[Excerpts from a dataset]

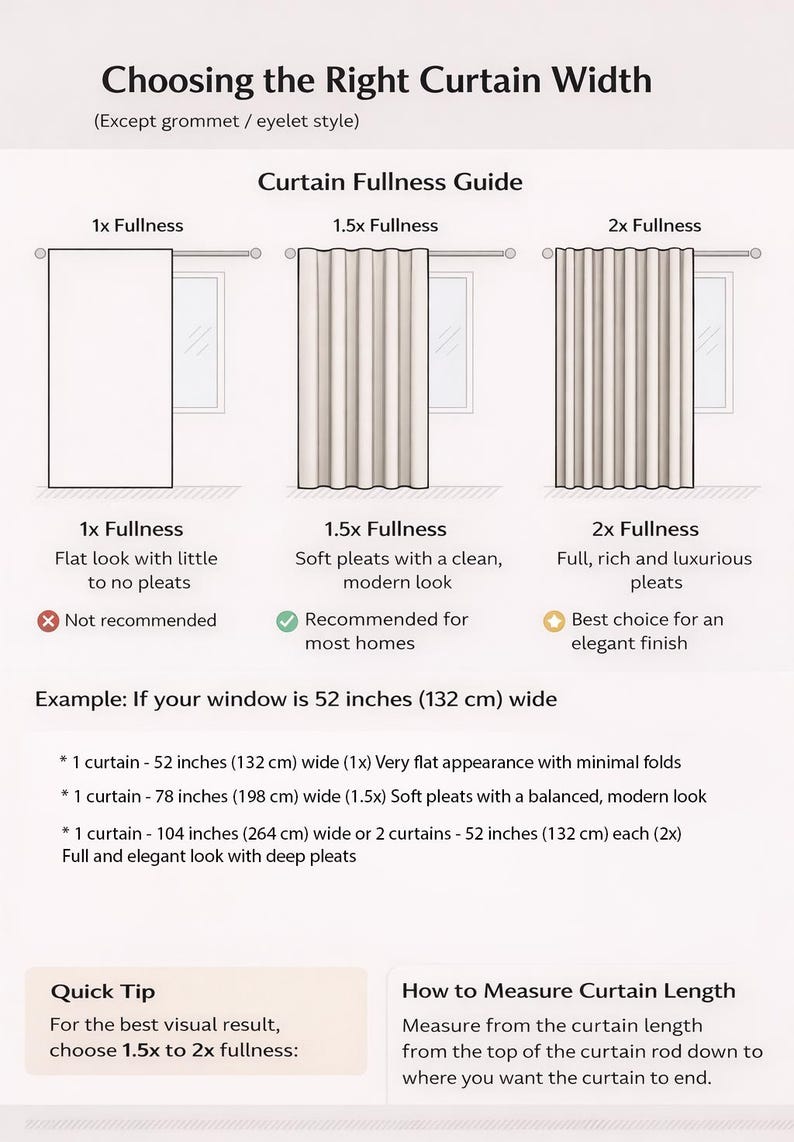May include: An informational chart titled Choosing the Right Curtain Width, displaying three illustrations of curtains with 1x, 1.5x, and 2x fullness. It includes text descriptions, a 52-inch window example, and tips on measuring curtain length.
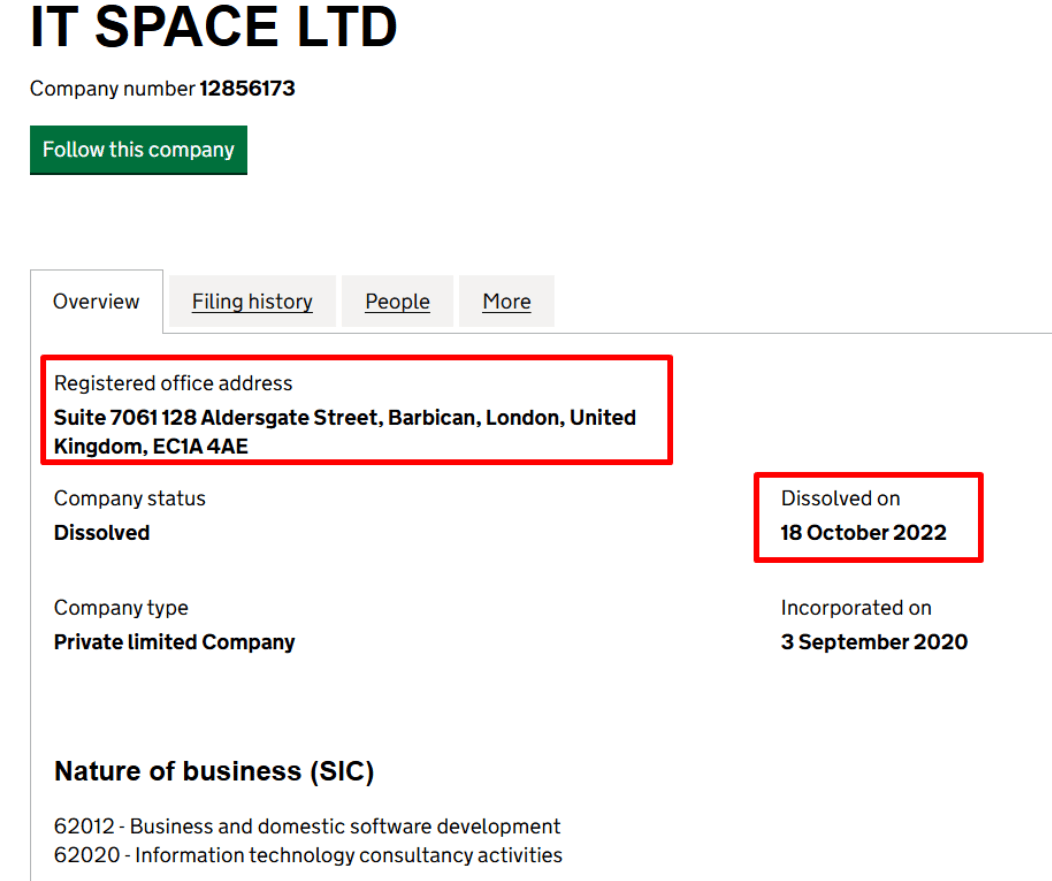 мнение о Horizon Holding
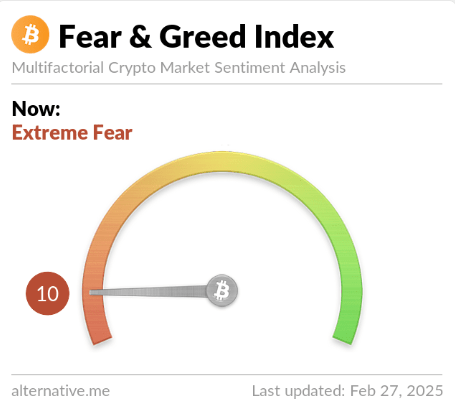 Bitcoin Extreme Fear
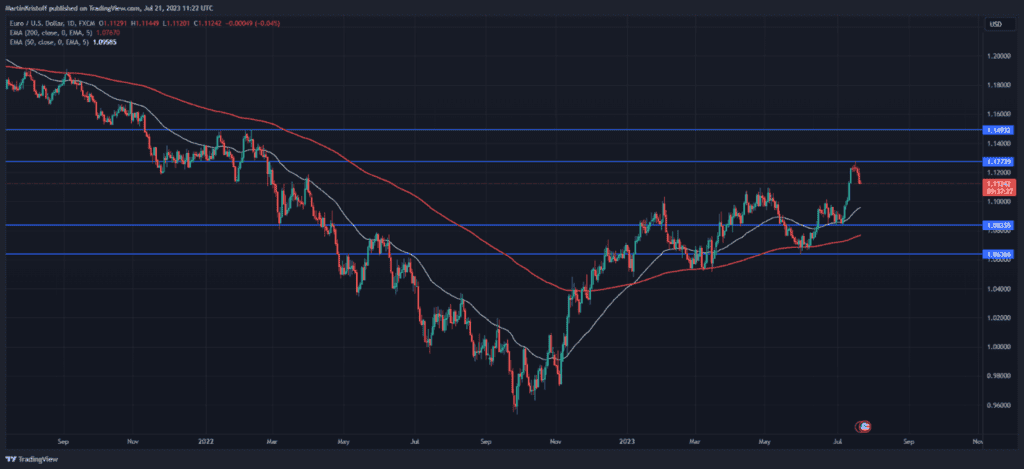 Zdroj: TradingView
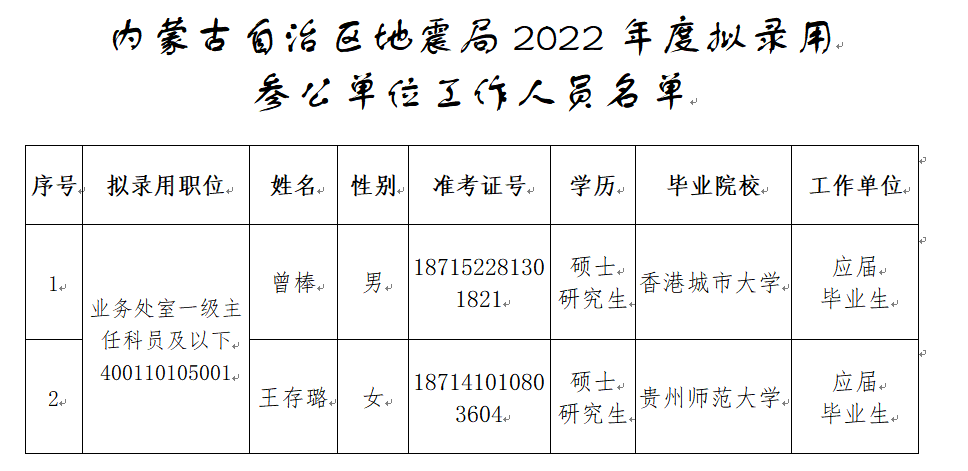 微信截圖_20220728100120.png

* Aim of the exercise
Give again, word for word, only the lines from the one with "Bitcoin Extreme Fear" through the last line of the entries, both included; no pictures go in the copy.

* Answer space
 Bitcoin Extreme Fear
 Zdroj: TradingView
 微信截圖_20220728100120.png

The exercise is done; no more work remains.